What the exercise asks: Your task is to copy the stretch of lines in the records below that begins with the line containing "Sassin 36 ways" and ends with the line containing "Rough Country Cab", exactly as written, with nothing added.

Task inputs:
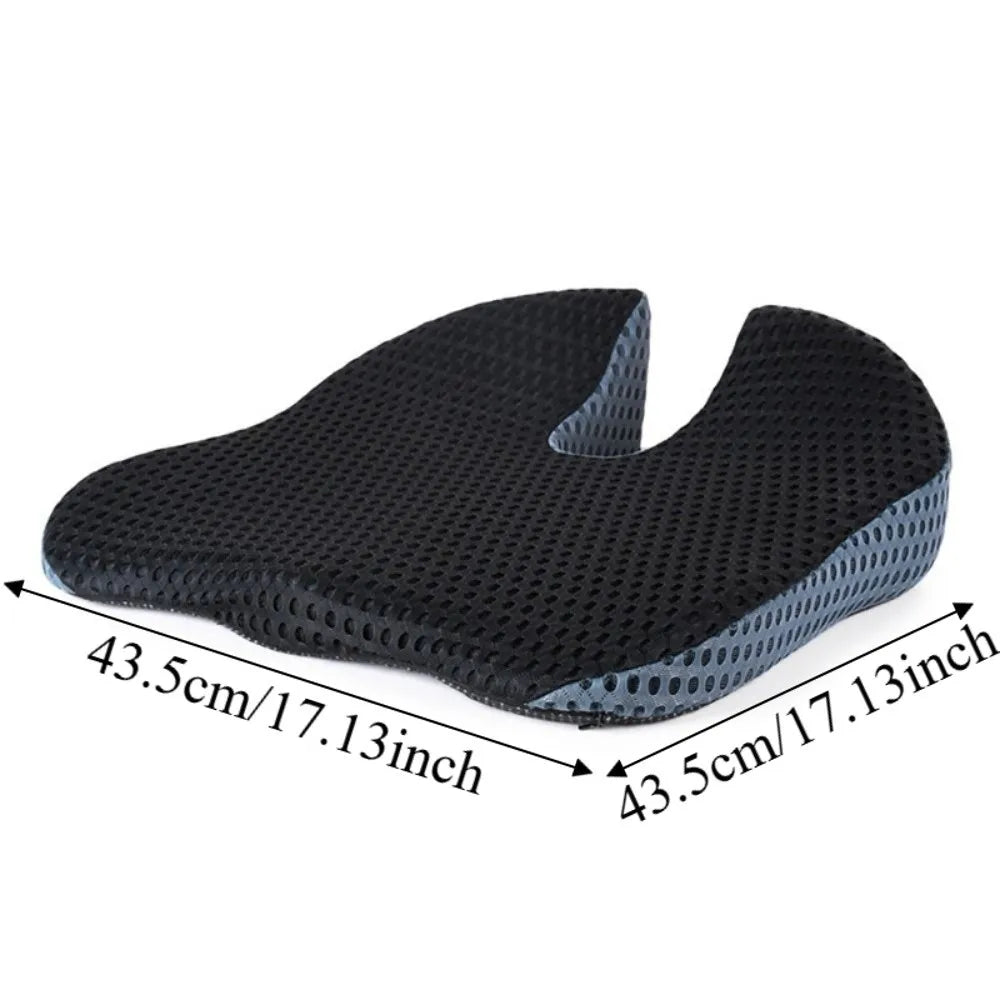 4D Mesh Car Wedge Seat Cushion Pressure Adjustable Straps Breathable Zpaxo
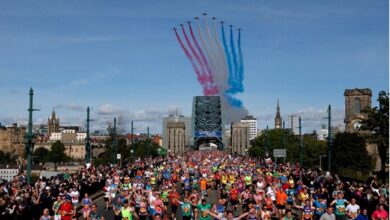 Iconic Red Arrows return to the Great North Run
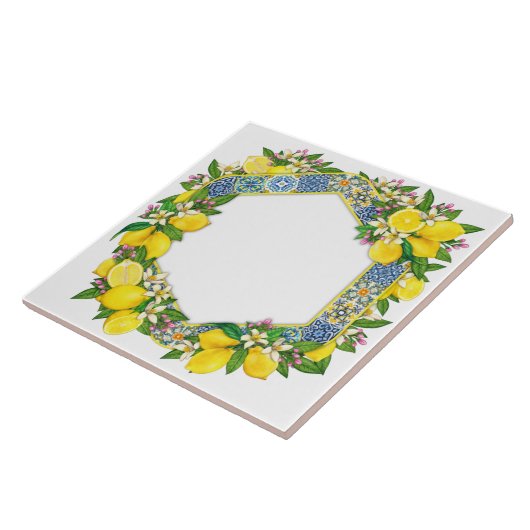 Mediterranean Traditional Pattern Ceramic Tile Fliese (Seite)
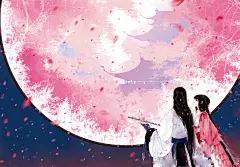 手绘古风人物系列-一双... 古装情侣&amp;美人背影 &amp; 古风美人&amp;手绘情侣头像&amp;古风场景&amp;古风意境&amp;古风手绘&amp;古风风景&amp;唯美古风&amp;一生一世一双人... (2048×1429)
==
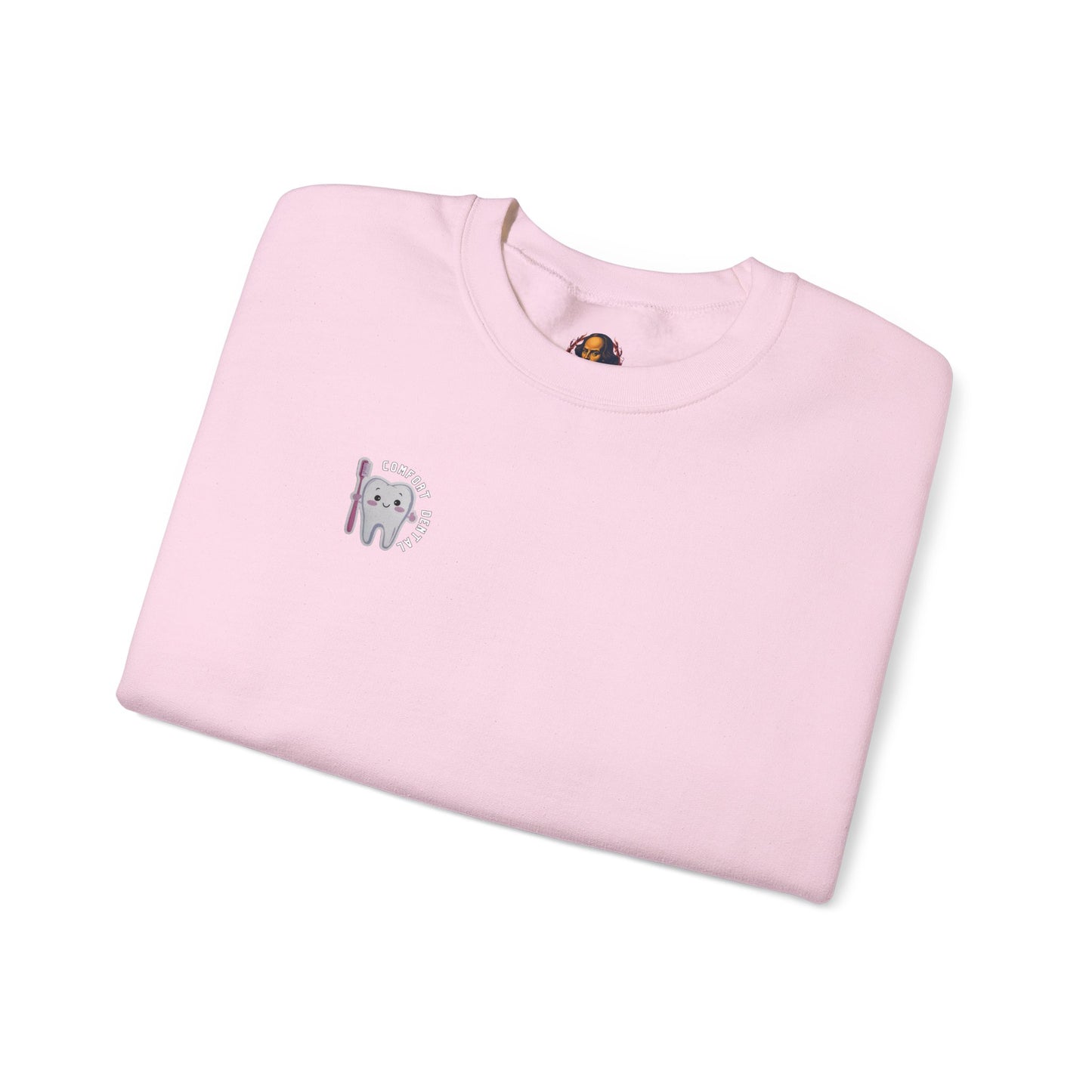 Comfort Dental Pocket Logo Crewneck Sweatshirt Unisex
==
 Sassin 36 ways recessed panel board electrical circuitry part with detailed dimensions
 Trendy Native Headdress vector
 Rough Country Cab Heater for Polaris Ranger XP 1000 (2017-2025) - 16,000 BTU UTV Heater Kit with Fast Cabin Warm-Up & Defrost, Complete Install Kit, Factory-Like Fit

Solution for this exercise:
 Sassin 36 ways recessed panel board electrical circuitry part with detailed dimensions
 Trendy Native Headdress vector
 Rough Country Cab Heater for Polaris Ranger XP 1000 (2017-2025) - 16,000 BTU UTV Heater Kit with Fast Cabin Warm-Up & Defrost, Complete Install Kit, Factory-Like Fit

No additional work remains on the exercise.